■ **Task material**:

|---|

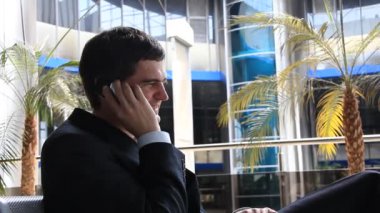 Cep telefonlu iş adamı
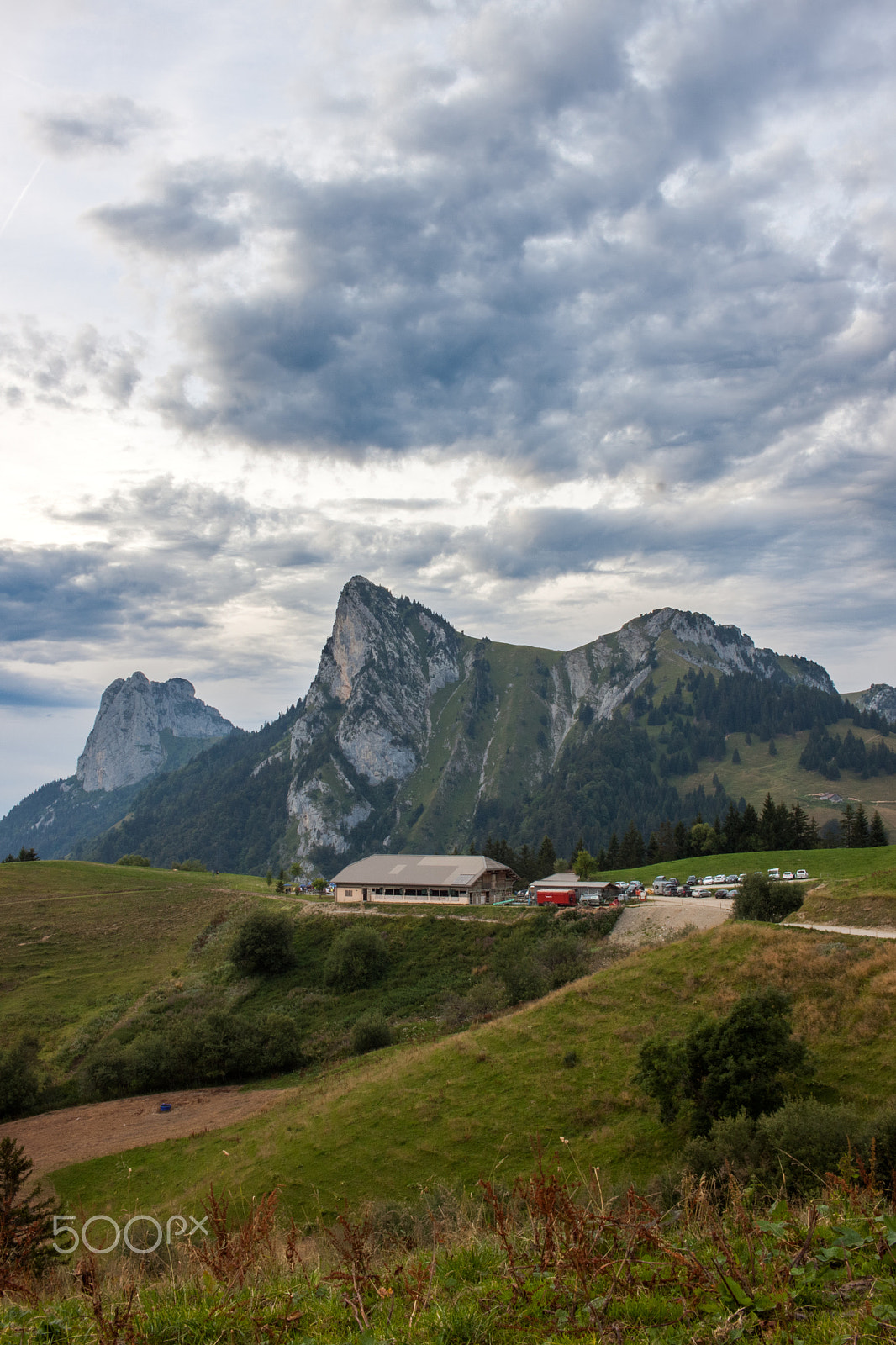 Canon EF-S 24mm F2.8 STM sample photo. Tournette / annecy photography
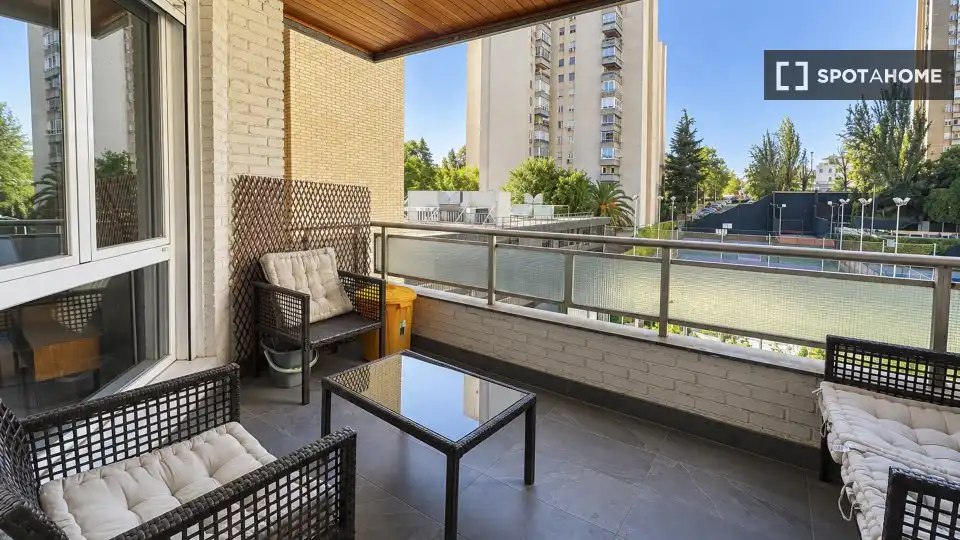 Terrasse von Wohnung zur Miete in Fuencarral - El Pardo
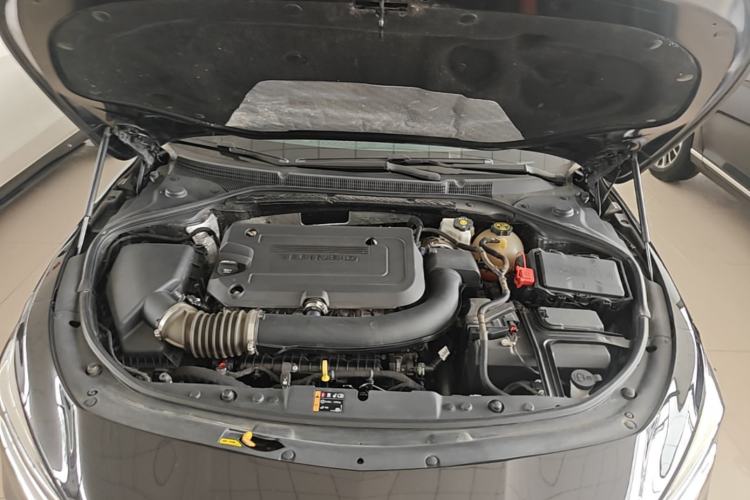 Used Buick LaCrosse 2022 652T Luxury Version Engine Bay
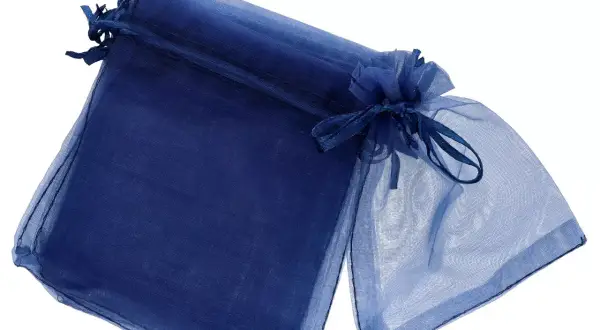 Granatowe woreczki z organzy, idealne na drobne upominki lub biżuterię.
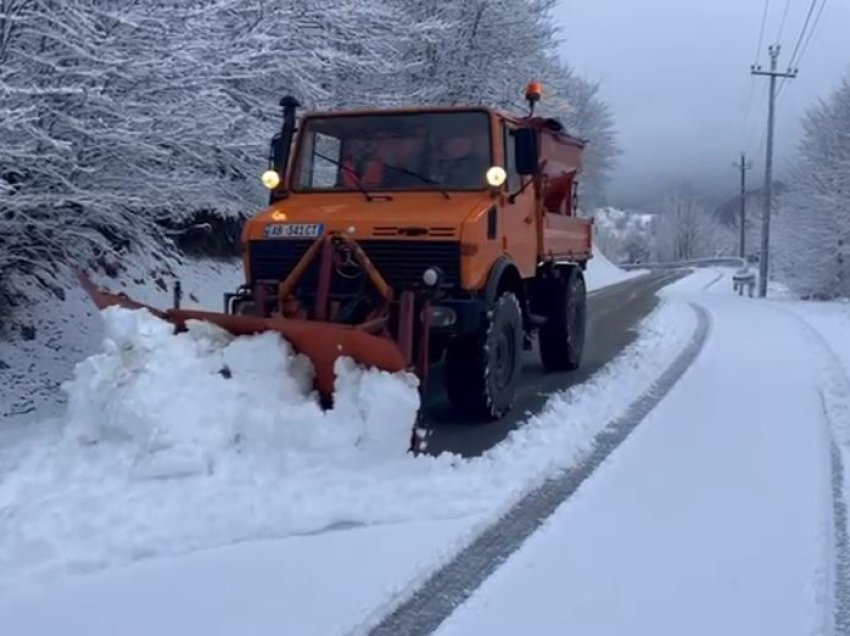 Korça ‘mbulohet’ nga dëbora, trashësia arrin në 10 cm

|---|

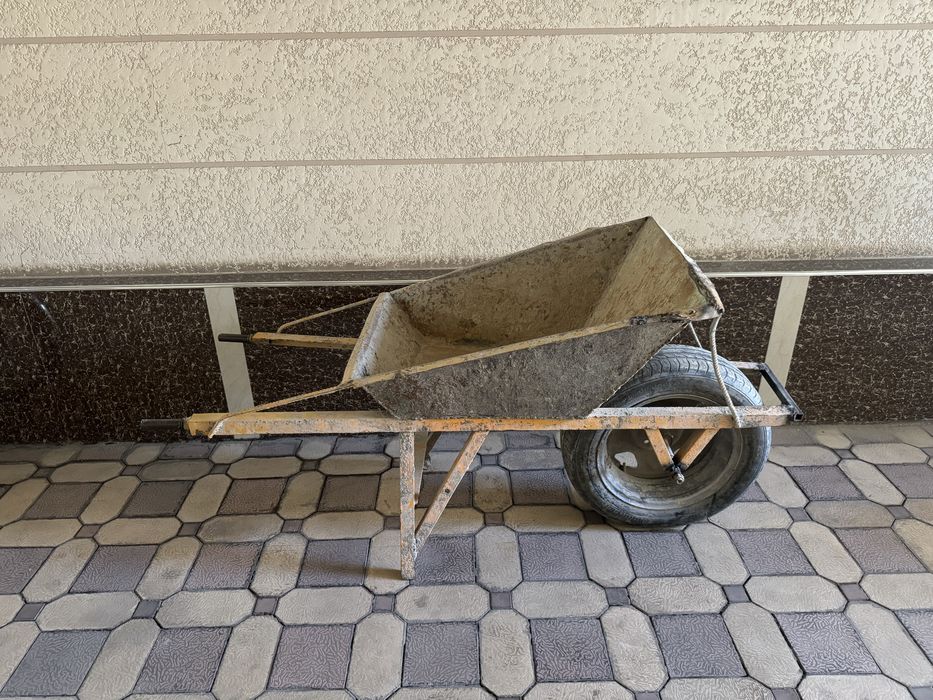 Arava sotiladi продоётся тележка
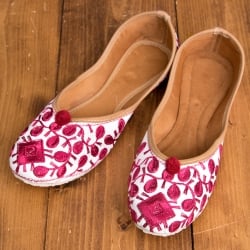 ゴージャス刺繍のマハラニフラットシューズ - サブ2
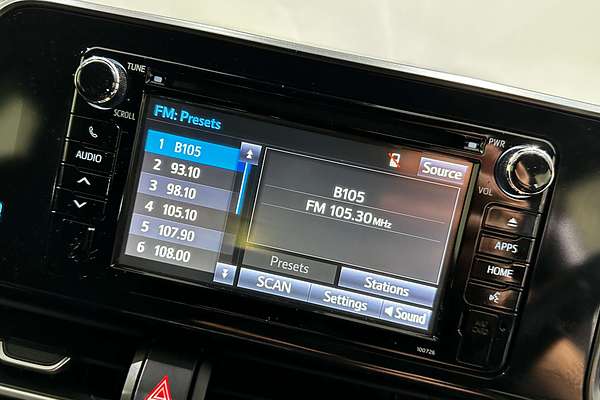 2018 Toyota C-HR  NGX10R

|---|

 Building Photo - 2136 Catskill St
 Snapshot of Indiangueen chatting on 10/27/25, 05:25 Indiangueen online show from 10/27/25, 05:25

|---|

■ **Task prompt**: Retype the lines above exactly as they appear, from the line containing "Cep telefonlu iş adamı" through the line containing "Korça ‘mbulohet’ nga", and leave out any pictures.

■ **Answer box**:
 Cep telefonlu iş adamı
 Canon EF-S 24mm F2.8 STM sample photo. Tournette / annecy photography
 Terrasse von Wohnung zur Miete in Fuencarral - El Pardo
 Used Buick LaCrosse 2022 652T Luxury Version Engine Bay
 Granatowe woreczki z organzy, idealne na drobne upominki lub biżuterię.
 Korça ‘mbulohet’ nga dëbora, trashësia arrin në 10 cm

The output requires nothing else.